# Work item:
Emit the line that holds "this 450×334 image." and all lines following it through the end of the data, verbatim, and nothing else.

# Provided data:
........
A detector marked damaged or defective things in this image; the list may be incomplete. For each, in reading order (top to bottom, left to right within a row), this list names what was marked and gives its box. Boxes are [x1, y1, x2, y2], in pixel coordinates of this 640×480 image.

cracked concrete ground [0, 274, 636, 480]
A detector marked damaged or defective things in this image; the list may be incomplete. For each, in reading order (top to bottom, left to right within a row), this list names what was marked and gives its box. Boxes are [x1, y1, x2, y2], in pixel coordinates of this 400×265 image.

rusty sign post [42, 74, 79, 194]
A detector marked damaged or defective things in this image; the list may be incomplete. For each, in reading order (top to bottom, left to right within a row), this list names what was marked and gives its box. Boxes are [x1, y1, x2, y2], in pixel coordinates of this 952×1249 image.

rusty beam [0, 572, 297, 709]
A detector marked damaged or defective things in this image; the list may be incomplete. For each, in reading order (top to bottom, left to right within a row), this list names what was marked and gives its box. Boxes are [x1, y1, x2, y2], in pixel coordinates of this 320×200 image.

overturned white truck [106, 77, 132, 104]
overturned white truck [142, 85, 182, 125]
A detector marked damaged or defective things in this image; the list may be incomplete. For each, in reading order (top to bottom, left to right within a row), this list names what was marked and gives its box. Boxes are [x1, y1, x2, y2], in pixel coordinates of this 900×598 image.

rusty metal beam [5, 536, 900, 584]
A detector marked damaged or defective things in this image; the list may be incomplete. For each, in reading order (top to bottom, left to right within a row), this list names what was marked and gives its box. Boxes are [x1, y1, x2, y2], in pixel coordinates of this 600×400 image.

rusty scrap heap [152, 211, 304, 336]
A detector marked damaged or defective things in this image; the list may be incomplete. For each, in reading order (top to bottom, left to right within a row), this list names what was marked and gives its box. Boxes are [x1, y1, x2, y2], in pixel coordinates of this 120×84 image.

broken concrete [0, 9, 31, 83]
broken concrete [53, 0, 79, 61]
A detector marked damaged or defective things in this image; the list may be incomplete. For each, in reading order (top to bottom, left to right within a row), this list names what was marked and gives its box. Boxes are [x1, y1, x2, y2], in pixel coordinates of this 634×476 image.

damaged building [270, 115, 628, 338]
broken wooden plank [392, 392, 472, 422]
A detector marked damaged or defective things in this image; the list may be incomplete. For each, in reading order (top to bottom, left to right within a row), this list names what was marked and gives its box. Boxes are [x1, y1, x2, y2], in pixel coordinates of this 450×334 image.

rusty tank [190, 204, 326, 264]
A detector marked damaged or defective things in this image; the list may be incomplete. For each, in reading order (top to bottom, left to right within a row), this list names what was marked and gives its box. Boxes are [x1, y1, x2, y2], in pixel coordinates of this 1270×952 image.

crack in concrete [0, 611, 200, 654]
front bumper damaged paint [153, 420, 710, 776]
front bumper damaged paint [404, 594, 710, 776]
........
# Answer section:
A detector marked damaged or defective things in this image; the list may be incomplete. For each, in reading order (top to bottom, left to right within a row), this list names what was marked and gives its box. Boxes are [x1, y1, x2, y2], in pixel coordinates of this 450×334 image.

rusty tank [190, 204, 326, 264]
A detector marked damaged or defective things in this image; the list may be incomplete. For each, in reading order (top to bottom, left to right within a row), this list names what was marked and gives its box. Boxes are [x1, y1, x2, y2], in pixel coordinates of this 1270×952 image.

crack in concrete [0, 611, 200, 654]
front bumper damaged paint [153, 420, 710, 776]
front bumper damaged paint [404, 594, 710, 776]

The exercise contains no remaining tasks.